Scenario 1: You already hold ETH, with a cost basis above $1900, currently at a paper loss. You should not panic and cut your position. From a bull-bear cycle perspective, a 30% retracement is a normal fluctuation. If you are not using leverage, the most correct action is to hold firm. At the same time, consider adding a small amount near $1700 to average down your cost. The additional purchase should not exceed half of your original position.
Scenario 2: You are in a short position, waiting for a pullback, and now it has finally dropped, so you want to bottom fish. You should feel fortunate but avoid impulsiveness. The safest approach is to buy in batches: buy the first portion (10% of your position) at $1730–$1750, the second (15%) at $1680–$1700, and the third (20%) at $1600–$1630. Each purchase should be at least 5% lower than the previous one.

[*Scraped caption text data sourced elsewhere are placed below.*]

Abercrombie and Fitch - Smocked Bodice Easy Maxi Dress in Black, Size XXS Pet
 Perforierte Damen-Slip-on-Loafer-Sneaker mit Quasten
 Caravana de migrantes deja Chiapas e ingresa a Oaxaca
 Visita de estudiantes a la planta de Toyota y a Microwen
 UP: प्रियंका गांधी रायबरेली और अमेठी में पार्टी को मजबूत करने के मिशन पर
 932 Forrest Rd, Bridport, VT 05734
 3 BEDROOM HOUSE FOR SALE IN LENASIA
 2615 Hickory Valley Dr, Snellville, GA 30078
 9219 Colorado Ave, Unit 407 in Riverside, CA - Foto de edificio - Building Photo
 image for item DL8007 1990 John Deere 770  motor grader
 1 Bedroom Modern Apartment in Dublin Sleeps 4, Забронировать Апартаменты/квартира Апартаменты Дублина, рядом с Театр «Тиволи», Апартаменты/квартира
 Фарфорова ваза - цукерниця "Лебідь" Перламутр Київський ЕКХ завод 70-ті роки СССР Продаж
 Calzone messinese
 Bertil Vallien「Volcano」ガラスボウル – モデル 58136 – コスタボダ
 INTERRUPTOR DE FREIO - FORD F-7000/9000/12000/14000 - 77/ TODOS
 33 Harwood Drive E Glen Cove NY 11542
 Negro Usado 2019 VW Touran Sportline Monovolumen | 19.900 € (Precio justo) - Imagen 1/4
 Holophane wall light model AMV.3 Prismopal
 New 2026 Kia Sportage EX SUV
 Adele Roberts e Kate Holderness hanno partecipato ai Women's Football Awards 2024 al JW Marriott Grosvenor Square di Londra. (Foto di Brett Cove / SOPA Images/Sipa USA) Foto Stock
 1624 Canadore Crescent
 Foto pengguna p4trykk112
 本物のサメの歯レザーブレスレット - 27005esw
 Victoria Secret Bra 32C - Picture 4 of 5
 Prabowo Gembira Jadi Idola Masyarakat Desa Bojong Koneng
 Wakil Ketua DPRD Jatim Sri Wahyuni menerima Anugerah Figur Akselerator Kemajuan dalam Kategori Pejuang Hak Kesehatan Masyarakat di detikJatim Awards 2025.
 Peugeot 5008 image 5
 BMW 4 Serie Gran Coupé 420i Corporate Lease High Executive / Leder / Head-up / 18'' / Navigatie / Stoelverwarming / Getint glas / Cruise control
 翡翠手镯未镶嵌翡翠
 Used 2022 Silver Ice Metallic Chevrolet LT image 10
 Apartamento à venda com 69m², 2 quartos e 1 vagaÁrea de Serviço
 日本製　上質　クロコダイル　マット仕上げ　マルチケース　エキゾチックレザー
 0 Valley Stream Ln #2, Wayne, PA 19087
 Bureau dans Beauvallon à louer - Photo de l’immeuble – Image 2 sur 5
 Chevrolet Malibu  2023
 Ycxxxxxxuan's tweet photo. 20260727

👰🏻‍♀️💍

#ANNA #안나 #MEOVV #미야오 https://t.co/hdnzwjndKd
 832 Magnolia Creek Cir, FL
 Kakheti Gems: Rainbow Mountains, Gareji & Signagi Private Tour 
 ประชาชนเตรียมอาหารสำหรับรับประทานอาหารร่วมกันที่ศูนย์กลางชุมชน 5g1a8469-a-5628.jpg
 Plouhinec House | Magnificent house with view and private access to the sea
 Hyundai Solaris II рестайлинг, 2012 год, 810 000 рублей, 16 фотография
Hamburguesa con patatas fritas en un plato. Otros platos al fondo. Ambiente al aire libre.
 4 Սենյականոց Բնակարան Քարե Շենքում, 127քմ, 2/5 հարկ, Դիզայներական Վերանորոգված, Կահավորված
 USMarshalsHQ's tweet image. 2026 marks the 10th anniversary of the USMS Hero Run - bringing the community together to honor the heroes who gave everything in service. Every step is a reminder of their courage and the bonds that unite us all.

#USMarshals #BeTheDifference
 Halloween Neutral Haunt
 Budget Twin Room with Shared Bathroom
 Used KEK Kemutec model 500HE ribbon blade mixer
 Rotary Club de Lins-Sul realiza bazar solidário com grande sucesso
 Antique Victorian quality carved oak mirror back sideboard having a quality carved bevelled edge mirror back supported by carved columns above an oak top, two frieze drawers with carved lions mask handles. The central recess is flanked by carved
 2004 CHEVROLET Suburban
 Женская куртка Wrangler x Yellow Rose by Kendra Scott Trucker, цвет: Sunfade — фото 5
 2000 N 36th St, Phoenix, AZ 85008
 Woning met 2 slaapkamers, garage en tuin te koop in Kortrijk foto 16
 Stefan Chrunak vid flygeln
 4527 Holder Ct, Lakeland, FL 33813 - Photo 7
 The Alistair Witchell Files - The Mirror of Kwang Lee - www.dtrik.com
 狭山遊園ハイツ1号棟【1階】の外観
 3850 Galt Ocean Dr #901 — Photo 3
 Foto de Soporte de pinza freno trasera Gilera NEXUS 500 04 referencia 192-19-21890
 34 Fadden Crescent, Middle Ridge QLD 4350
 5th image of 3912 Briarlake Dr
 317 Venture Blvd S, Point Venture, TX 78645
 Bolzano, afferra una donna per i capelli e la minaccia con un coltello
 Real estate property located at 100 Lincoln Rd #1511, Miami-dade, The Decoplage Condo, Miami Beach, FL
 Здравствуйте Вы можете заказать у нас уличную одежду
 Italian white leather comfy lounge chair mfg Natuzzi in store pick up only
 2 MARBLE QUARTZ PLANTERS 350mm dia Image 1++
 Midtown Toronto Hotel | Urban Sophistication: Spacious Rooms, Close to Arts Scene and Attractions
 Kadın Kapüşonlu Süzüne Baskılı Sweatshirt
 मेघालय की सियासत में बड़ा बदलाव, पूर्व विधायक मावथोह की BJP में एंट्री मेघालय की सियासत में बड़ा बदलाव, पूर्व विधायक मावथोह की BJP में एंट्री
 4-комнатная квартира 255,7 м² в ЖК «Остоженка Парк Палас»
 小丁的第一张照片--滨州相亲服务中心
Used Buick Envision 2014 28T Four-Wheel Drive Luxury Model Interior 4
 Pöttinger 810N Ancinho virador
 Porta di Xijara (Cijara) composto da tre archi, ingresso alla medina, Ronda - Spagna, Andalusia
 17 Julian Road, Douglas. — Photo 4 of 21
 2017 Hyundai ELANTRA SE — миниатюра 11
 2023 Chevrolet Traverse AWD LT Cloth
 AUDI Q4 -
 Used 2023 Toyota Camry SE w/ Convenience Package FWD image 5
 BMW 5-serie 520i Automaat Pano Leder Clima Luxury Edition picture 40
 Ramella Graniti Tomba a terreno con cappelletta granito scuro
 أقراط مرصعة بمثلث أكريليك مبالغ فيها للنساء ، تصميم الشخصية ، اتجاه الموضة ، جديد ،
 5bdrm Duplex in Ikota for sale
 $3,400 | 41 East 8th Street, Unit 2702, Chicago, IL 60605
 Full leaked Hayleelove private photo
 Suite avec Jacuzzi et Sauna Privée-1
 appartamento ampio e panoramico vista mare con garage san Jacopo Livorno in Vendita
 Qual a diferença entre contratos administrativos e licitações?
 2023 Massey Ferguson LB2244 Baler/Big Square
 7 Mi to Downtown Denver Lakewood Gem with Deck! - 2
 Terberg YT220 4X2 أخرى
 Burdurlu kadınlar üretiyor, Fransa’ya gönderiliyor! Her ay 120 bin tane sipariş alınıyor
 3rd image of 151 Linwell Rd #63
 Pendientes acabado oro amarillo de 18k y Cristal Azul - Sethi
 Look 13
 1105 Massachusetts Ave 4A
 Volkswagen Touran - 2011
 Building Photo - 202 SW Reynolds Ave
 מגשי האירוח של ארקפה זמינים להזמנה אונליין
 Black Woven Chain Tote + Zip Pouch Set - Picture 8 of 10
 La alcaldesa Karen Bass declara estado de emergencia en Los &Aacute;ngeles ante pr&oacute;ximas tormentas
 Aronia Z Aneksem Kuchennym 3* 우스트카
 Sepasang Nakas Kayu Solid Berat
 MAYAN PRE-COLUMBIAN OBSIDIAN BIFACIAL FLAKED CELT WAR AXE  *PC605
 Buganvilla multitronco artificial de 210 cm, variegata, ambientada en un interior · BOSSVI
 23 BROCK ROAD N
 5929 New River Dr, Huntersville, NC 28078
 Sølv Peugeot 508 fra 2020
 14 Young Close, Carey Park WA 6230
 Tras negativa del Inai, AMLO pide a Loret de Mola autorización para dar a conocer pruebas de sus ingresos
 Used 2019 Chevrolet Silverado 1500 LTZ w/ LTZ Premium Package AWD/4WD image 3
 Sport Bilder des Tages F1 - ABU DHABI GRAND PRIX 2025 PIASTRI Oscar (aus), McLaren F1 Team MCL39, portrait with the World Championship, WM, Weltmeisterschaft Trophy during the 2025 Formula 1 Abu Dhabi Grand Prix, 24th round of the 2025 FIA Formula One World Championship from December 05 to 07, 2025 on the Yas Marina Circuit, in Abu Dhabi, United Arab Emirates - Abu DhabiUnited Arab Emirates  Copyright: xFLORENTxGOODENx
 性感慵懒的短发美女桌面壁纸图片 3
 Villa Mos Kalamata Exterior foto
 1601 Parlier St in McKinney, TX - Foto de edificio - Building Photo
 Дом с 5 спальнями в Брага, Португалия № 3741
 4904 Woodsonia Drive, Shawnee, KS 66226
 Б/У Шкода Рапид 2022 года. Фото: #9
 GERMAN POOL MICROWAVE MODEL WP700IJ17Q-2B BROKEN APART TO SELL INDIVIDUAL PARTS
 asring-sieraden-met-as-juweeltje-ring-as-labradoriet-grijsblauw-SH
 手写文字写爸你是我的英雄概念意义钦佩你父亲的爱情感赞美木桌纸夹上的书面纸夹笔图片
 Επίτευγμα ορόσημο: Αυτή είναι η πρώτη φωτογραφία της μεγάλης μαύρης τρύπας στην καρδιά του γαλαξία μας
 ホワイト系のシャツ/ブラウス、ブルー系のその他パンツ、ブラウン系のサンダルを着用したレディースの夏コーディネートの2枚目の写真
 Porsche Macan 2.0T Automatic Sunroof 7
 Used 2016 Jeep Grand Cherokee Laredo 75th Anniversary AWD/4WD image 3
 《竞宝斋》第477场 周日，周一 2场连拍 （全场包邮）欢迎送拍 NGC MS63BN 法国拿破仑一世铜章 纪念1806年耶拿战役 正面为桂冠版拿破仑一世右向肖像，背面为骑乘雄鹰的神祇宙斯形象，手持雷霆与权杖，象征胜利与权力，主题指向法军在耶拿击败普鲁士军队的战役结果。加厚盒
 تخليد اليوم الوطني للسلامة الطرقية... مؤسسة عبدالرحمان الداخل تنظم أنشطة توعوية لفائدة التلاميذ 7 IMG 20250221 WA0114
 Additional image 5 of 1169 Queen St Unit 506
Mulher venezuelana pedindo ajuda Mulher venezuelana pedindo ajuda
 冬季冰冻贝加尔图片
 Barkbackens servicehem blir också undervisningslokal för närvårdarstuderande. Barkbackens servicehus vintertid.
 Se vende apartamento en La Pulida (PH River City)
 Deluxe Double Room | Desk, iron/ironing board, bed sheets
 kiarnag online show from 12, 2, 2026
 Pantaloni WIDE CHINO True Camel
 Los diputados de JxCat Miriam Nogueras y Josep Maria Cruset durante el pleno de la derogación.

Set your stop-loss below $1580.
Scenario 3: You hold a large amount of altcoins, and their decline far exceeds ETH, and your mindset has collapsed. You need to consider rebalancing. Swap all low-liquidity, outdated narrative altcoins for ETH or BTC. In extreme market conditions, mainstream coins tend to rebound faster and more significantly than trash coins. Rebalancing is not about cutting losses but replacing poor assets with better ones.
No matter which scenario you belong to, remember: do not make decisions that cause permanent losses out of fear, nor gamble everything out of greed. Extreme market conditions test not your technical skills but your emotional management ability.